= Data block =
**********

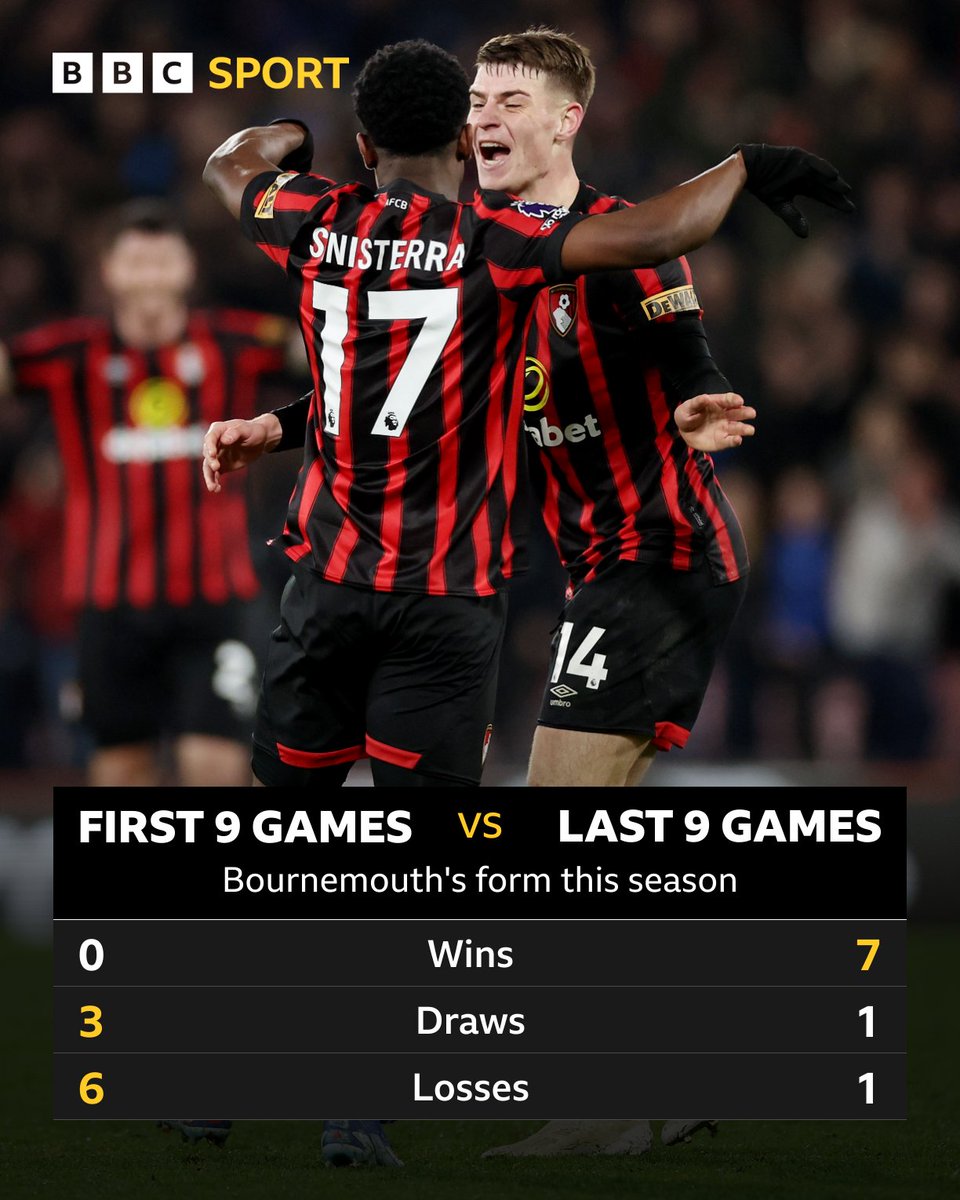 BBCMOTD's tweet photo. Andoni Iraola and Bournemouth are cooking! 🧑‍🍳

#BBCFootball https://t.co/4Nn70dBWJh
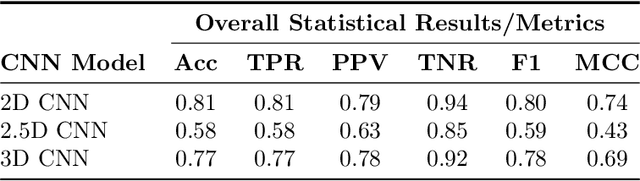 Figure 2 for Infant Brain Age Classification: 2D CNN Outperforms 3D CNN in Small Dataset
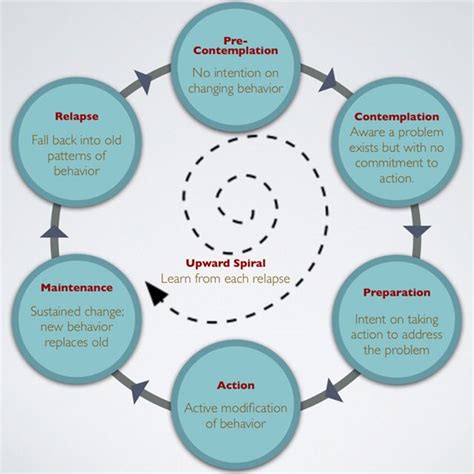 28 best images about Narrative Therapy on Pinterest | Anxiety, Story ...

**********

Starting at the line with "#BBCFootball https://t.co/4Nn70dBWJh", transcribe the listing above exactly through its last line. No picture belongs in the transcription.

= Written answer =
#BBCFootball https://t.co/4Nn70dBWJh
 Figure 2 for Infant Brain Age Classification: 2D CNN Outperforms 3D CNN in Small Dataset
 28 best images about Narrative Therapy on Pinterest | Anxiety, Story ...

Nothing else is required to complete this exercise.